Freeing the market, freeing the world

The freedom to transact and perform unlimited commercial activities at almost no cost (for payments) is what will truly create wealth for all people, Dr. Wright said. This includes people in wealthy countries, and those from less-wealthy ones working for lower amounts, or overseas.

“I want to push down the prices of transactions so low that Amazon cries. If they don’t deal with this, they’ll be out of business,” he said.

Some in the University of Dubai audience were slightly skeptical that Dr. Wright’s model could find acceptance in the real world, saying it “sounds too good to be true.” This is pertinent given the current world’s pursuit of “equality” and oligarchical control. Dr. Wright vehemently disagreed with these so-called principles, referring back to the Islamic Golden Age where opportunity was held in higher regard, and wealth came from the creation of real value.

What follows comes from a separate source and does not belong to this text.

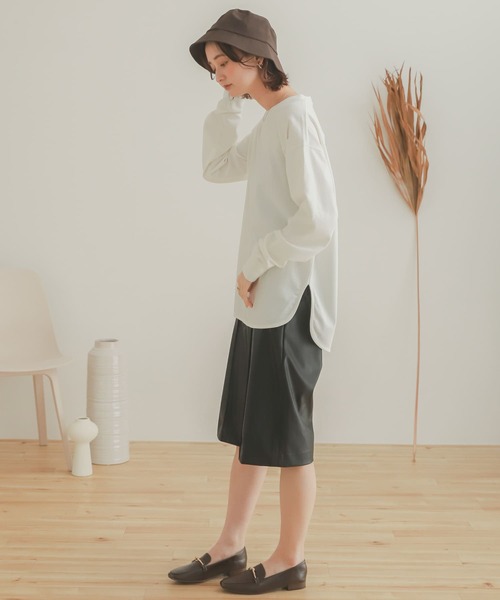 SENSE OF PLACE by URBAN RESEARCH（センスオブプレイスバイアーバンリサーチ）の「オーガニックコットンチュニックトップ（Tシャツ/カットソー・レディース・ブラック/オフホワイト/ライトベージュ・ONE）」の15枚目の写真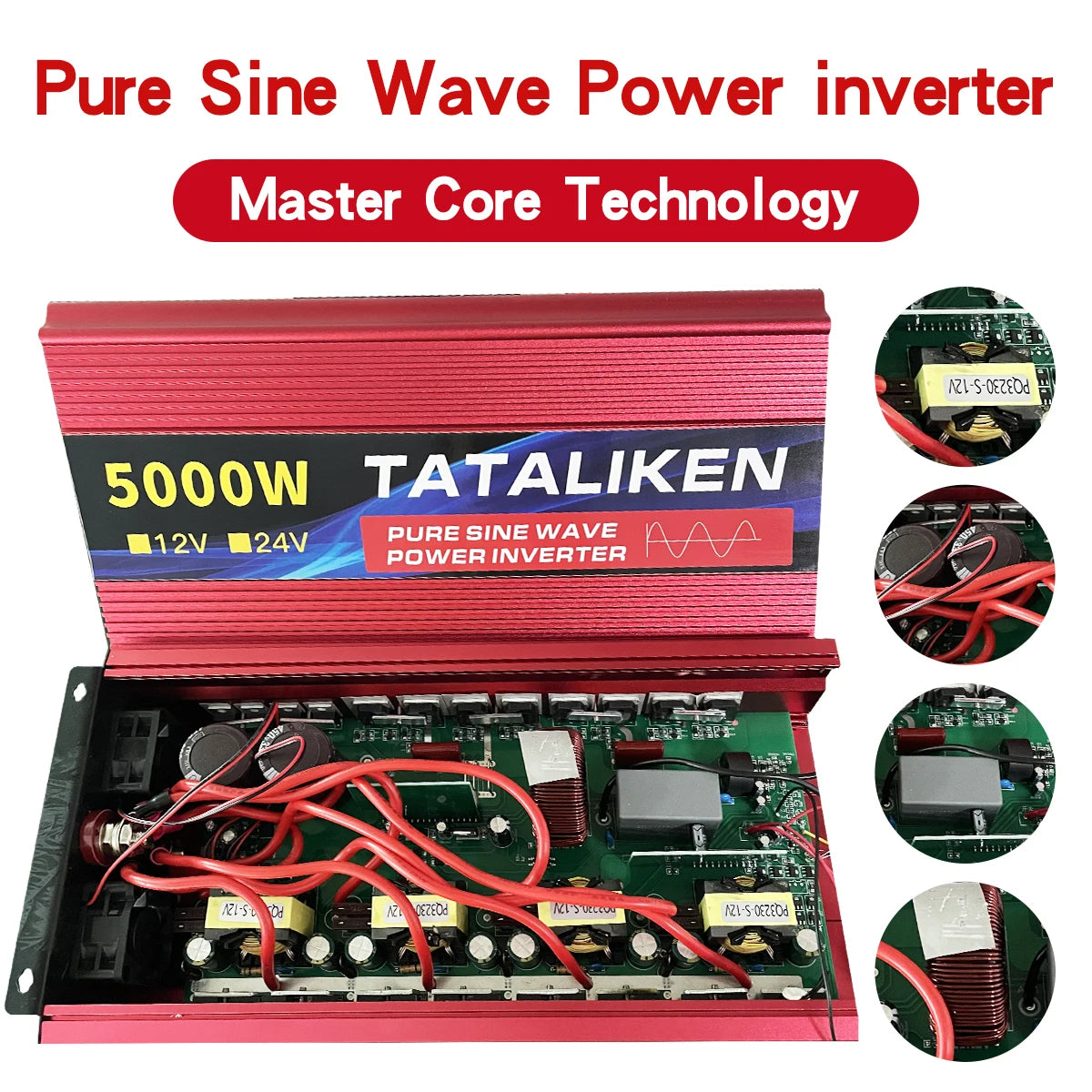 Inverter Pure Sine Wave  2500W/3500W/4500W/5000WDC 12V/24V to AC 220V 230V Voltage Transfer Converter Charging Adapter EU Socket - Shoppiline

Most long-time Bitcoiners have always known their system could produce better outcomes for humanity—but also wondered if it could fit into the current world’s political paradigms. That is still uncertain. But if the current world’s political goals set it on a path to failure, there will need to be alternatives. The best alternative that exists today is Bitcoin, working in tandem with the internet on which it operates.